My younger son decided to make a chef's knife.
He had some narrow eighteen-inch plates of O-1 (oil hardening) tool steel shipped in from New York, bought a torch, and bought some fire bricks. The plan was to construct a little forge with the fire bricks, heat the interior of the forge with a propane torch, and then insert the blade into the hot forge for heat treating. Heat treating meant getting the blade red-hot and then smacking it with a hammer. Lacking a regulation anvil, he planned to use a flat spot on our workbench vise.
The plan seemed a bit sketchy to me, but my son began executing it with characteristic confidence and efficiency.
He cut out a rough blade with tang from the steel plate. Then he constructed the forge by stacking the fire bricks into a little cube and cut a hole in the side of the forge chamber to insert the tip of the torch.
He repeatedly heated the blade to a moderate reddish glow and smacked it with a hammer until it began to cool off.
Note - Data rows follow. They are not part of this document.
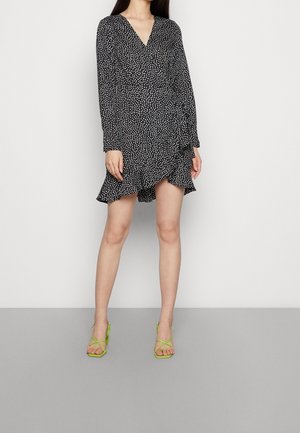 Woman wearing a black wrap dress with white polka dots and ruffled hem, paired with lime green strappy high-heeled sandals.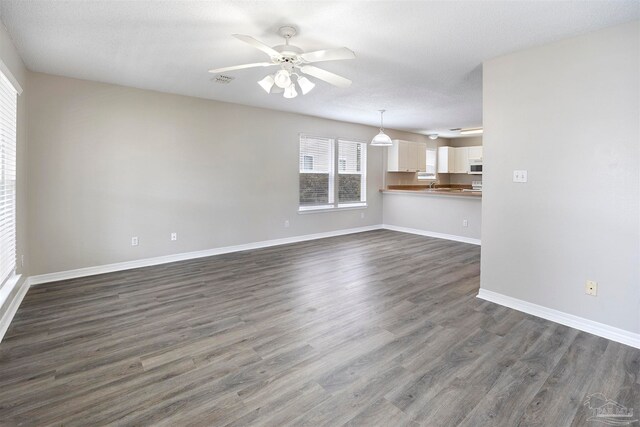 unfurnished living room with ceiling fan, dark wood-type flooring, and a textured ceiling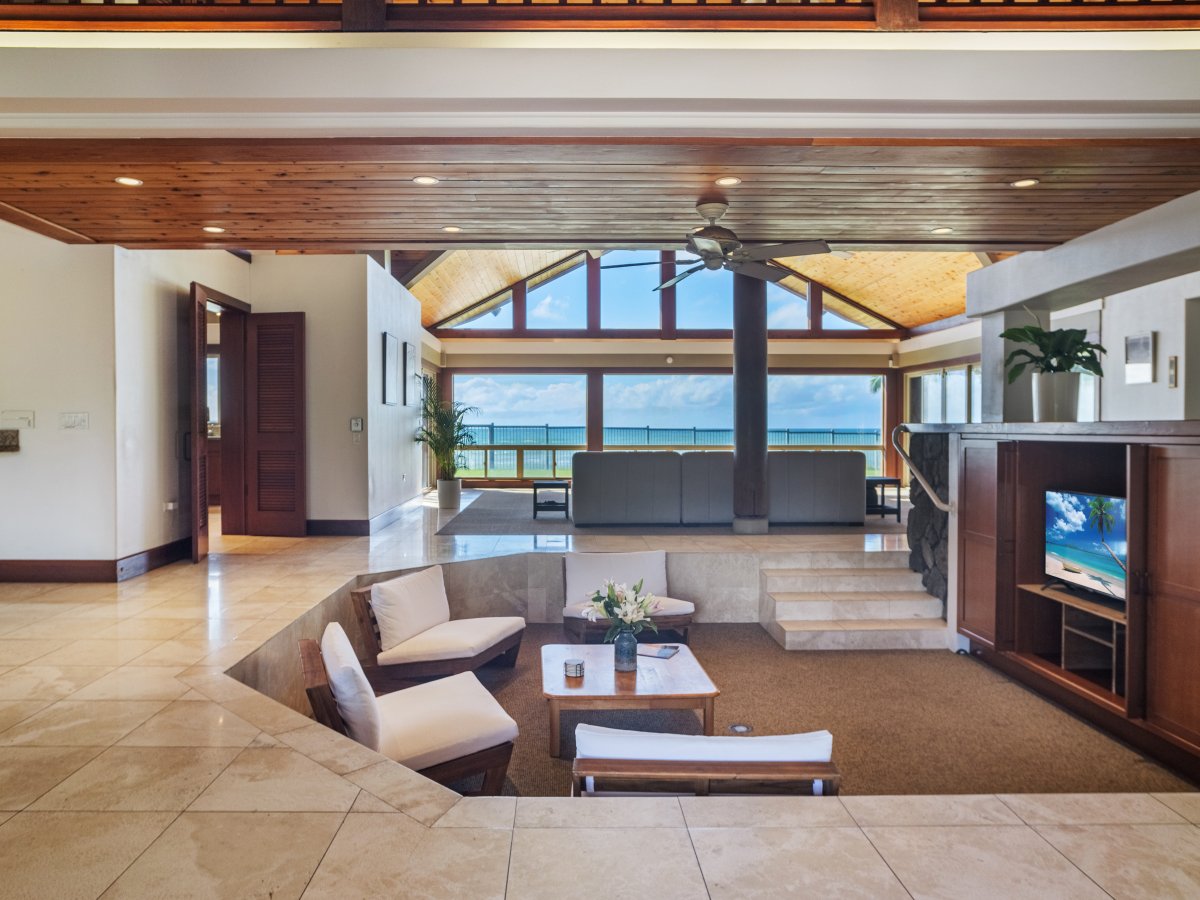 Dual living spaces with ocean view, perfect for relaxation and socializing.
The object was to draw out the blade into a gradual bevel leading down to what would be the cutting edge.
After a great deal of heating and hammering, my son had made only minor progress. The forge just wasn't sufficiently hot to make the steel malleable.
The picture above shows the knife after initial heat treating. My son filed the knife's surface to show low spots of remaining black scale (the origin of the 'black' in blacksmith).
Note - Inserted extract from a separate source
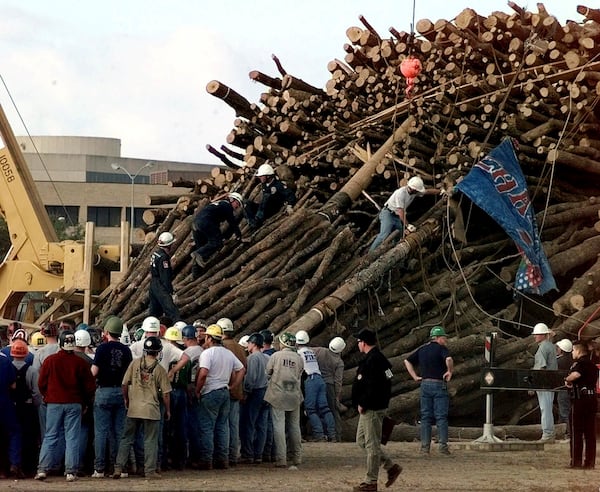 FILE - Texas A&M students and rescue workers gather at the base of the collapsed bonfire stack as the search continues for victims Nov. 18, 1999, in College Station, Texas. (AP Photo/Pat Sullivan, File)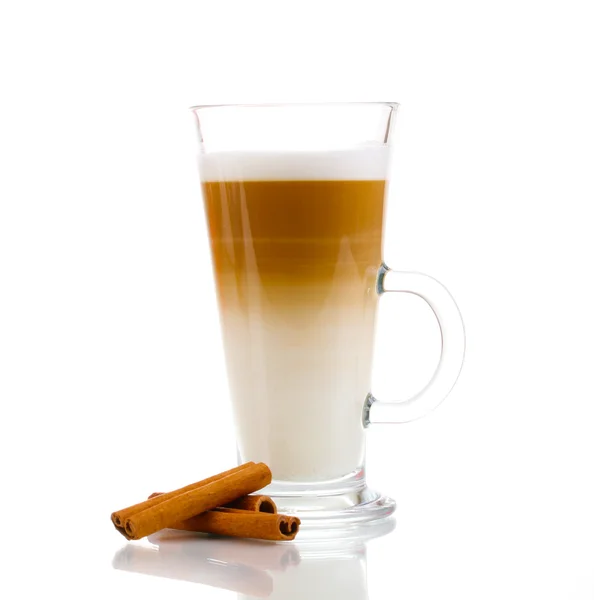 Fragrant сoffee latte in glass cup and cinnamon isolated on white — Stock Photo, Image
More heat was needed. My son and I reconfigured the forge to close in the interior, leaving only a slit for insertion of the blade.
This new and improved forge did the trick. The blade got plenty hot, allowing my son to complete his hammering.
Now my son prepared to heat the blade to the perfect temperature to establish a fine crystal structure and then quench the blade in oil. The point to quenching is to freeze a fine crystal structure in place and thereby harden the steel. My son was throwing around a lot of metallurgy terms at this point: austenite, martensite, critical temperature, normalization, and so forth into incomprehensibility. He wanted to heat the blade to a temperature where the steel's internal structure would no longer attract a magnet. After some trial and error with touching my refrigerator magnet to the red-hot blade, my son was confident that he could recognize the red-orange color that marked the blade's perfect temperature. He was ready to quench.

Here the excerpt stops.